Come nelle favole il suo debutto sulla scena del grande jazz avviene per un caso molto fortunato. Tutto accade in una sera d’inverno del 1960 quando sostituisce il pianista del gruppo del trombettista Donald Byrd, rimasto bloccato da una nevicata. Herbie è elettrizzato per l’occasione e non si risparmia. Dopo il concerto Byrd gli propone di restare con lui. È l’inizio di una carriera ricca di successi e soddisfazioni. Due anni dopo pubblica per la leggendaria Blue Note il suo primo album Takin’ off e successivamente entra a far parte del gruppo di Miles Davis nel quale diventa quasi un elemento inamovibile. L’avventura con Davis dura per alcuni anni e finisce soltanto nel 1968. Negli anni Settanta la sua tecnica pianistica e le sue capacità d’improvvisazione vengono esaltate dalle nuove sonorità elettroniche create dall’industria musicale. Nel 1973 pubblica per la CBS Head Hunters, un album che, oltre a farlo conoscere da tutto il mondo, resta ancora oggi un disco fondamentale nell’evoluzione di quel genere che viene sommariamente definito come “jazz-funk”. La sua popolarità si allarga a dismisura ma questo fatto finisce per alienargli le simpatia di una parte dell’ambiente jazzistico.

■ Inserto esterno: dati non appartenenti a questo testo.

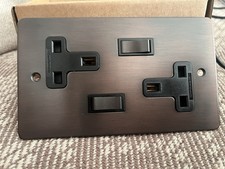 Wandsworth Twin socket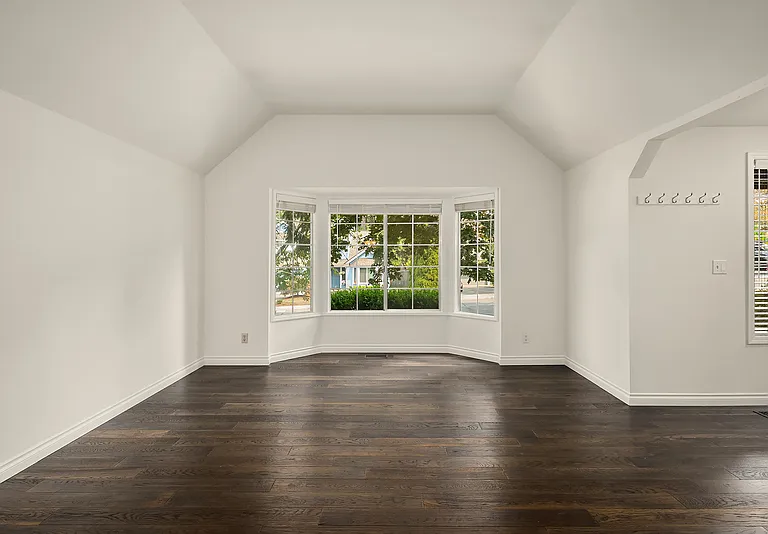24105 SE 42nd St — Photo 21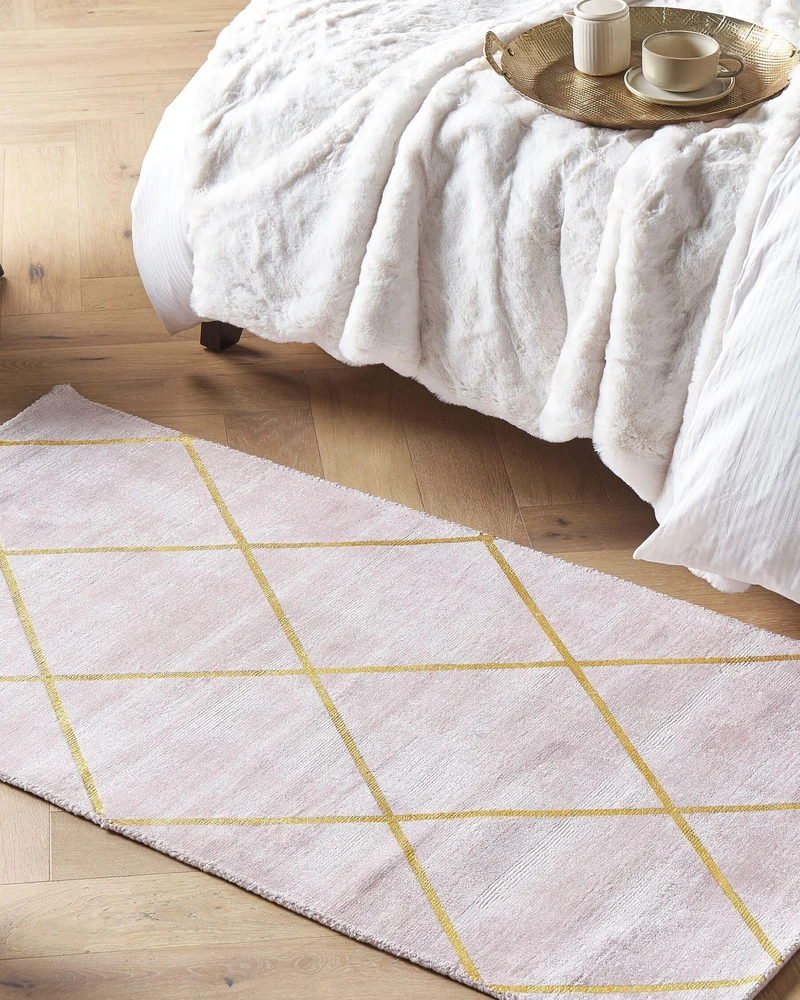 Beliani Kilimas ATIKE rožinis 80 x 150 cm viskozė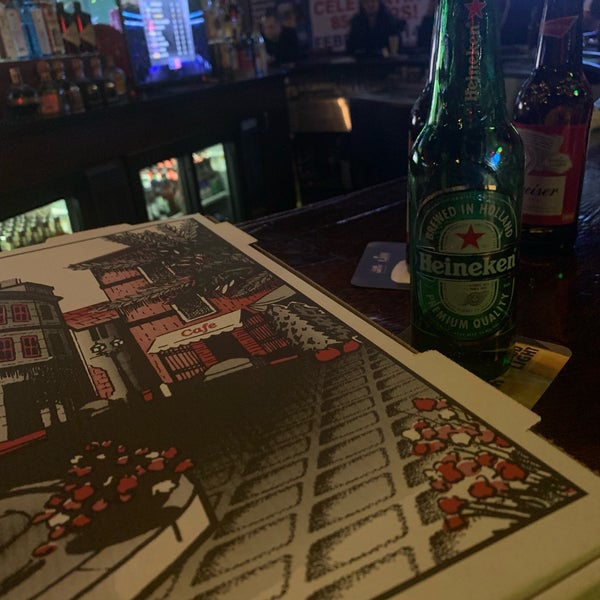 Photo taken at The New Park Tavern by Gianna on 2/15/2019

Le accuse non lo scalfiscono

Sempre più spesso, infatti, si ritrova accusato dai puristi del jazz di essere eccessivamente commerciale. Hancock non si cura troppo delle critiche e va per la sua strada. Non rinuncia mai a sorprendere alternando momenti di sperimentazione pura ad altri in cui la sua vena pare indulgere verso sonorità più facili e universali. Negli anni Ottanta con l’album Future shock sembra orientarsi decisamente verso il funk computerizzato, anche grazie alla collaborazione dei Material di Bill Laswell, ma è un’incursione di breve durata. Incapace di resistere al gusto del cambiamento un paio d’anni dopo forma i VSOP II, un gruppo acustico che schiera i fratelli Wynton e Brandford Marsalis ai fiati. Quando il regista Bernard Tavernier gli chiede di realizzare la colonna sonora del film “A mezzanotte circa” chiama a raccolta i migliori jazzisti disponibili. Il risultato è una lunga e fantastica serie di session cui partecipano, oltre ai VSOP., Bobby McFerrin, John McLaughlin, Chet Baker, Billy Higgins e Dexter Gordon che verrà premiata con l’Oscar. Nel nuovo millennio riduce molto l’attività senza tuttavia rinunciare a lasciare qualche segno importante come l’album River: The Joni Letters con il quale nel 2008 vince il Grammy Award.